データ侵害の概要
英国のルノー(Renault)とダチア(Dacia)の顧客に対し、第三者プロバイダーのシステムで発生したデータ侵害により、機密情報が漏洩した可能性があるとの通知が送られました。このインシデントは、2025年10月3日に報じられ、両ブランドは前日に顧客への通知を開始しました。
漏洩した個人情報とそのリスク
今回のデータ侵害で流出した可能性のある個人情報は以下の通りです。
- 氏名
- 性別
- 電話番号
- メールアドレス
- 住所
- 車両識別番号(VIN)
- 車両登録番号
これらの情報は、攻撃者がフィッシング詐欺、その他の詐欺、ソーシャルエンジニアリング攻撃を仕掛けるために悪用される可能性があります。ルノーの通知では、銀行情報や金融情報は今回のインシデントでは漏洩していないことが強調されており、これは顧客にとって重要な安心材料です。
企業と当局の対応
ルノーによると、侵害を受けた第三者企業は既にインシデントを隔離し、ネットワークから脅威を排除したとのことです。また、英国の規制当局である情報コミッショナーオフィス(ICO)にもサイバー攻撃の件が報告されています。BleepingComputerがルノーに問い合わせたところ、影響を受けた顧客数や第三者プロバイダーの名称については、契約上の理由から開示できないと回答がありました。
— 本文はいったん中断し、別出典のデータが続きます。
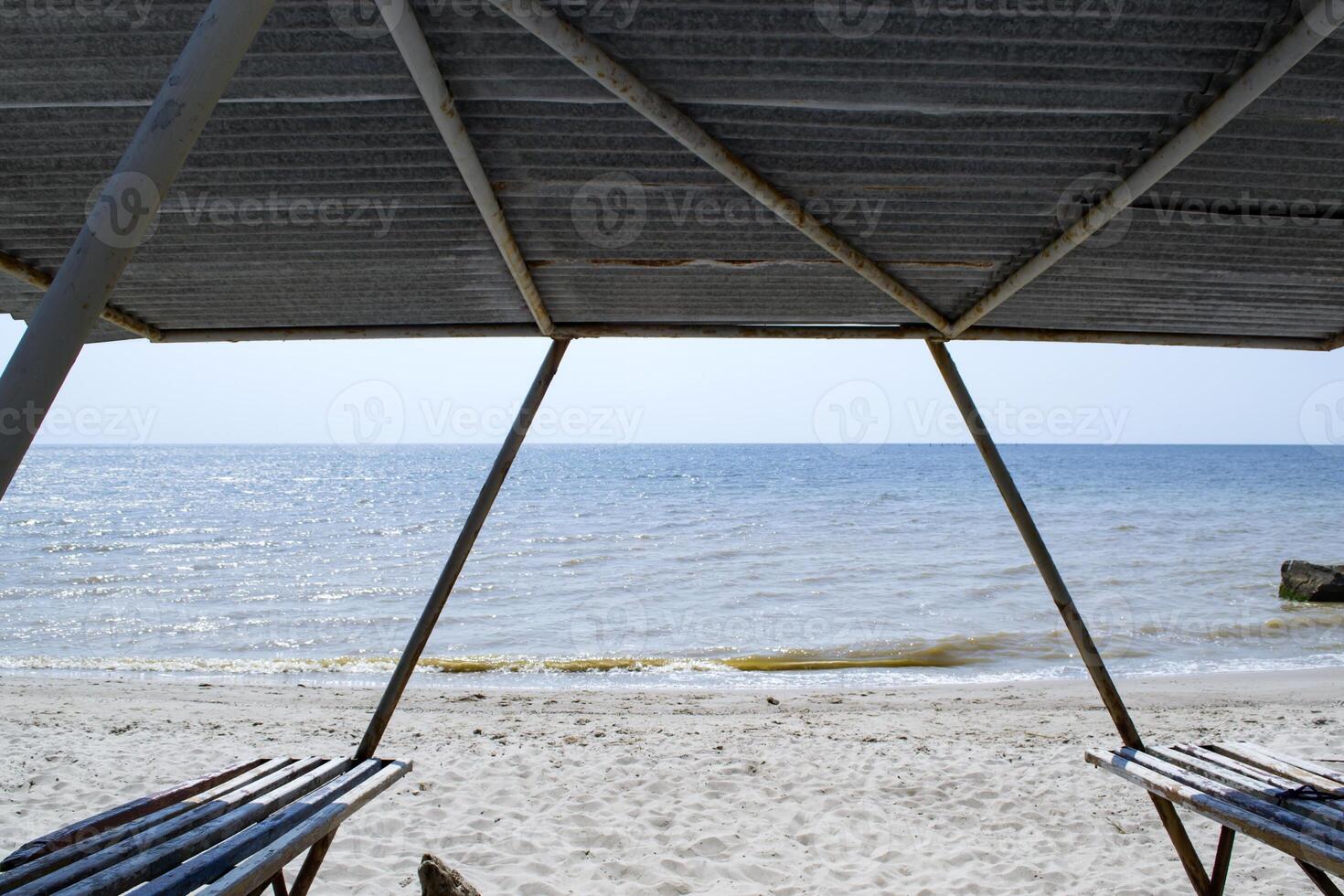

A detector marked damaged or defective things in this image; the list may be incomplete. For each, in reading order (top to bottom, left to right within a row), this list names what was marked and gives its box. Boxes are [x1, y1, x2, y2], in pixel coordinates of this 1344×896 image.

rusty metal frame [0, 247, 162, 342]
顧客に対しては、不審な電話やメールに警戒し、決してパスワードを共有しないよう注意喚起されています。
自動車業界におけるサイバー攻撃の動向
今回の事件は、英国の自動車業界におけるサイバー攻撃の増加傾向を浮き彫りにしています。最近では、ジャガー・ランドローバー(Jaguar Land Rover)もサイバー攻撃を受け、生産停止を余儀なくされるなど、事業に甚大な影響が出ました。この攻撃もデータ窃盗を伴い、JLRはサプライチェーンを復旧させるために英国政府保証の15億ポンドの融資を受ける事態となりました。
自動車メーカーとそのサプライチェーンにおけるサイバーセキュリティ対策の強化が、喫緊の課題であることが改めて示されています。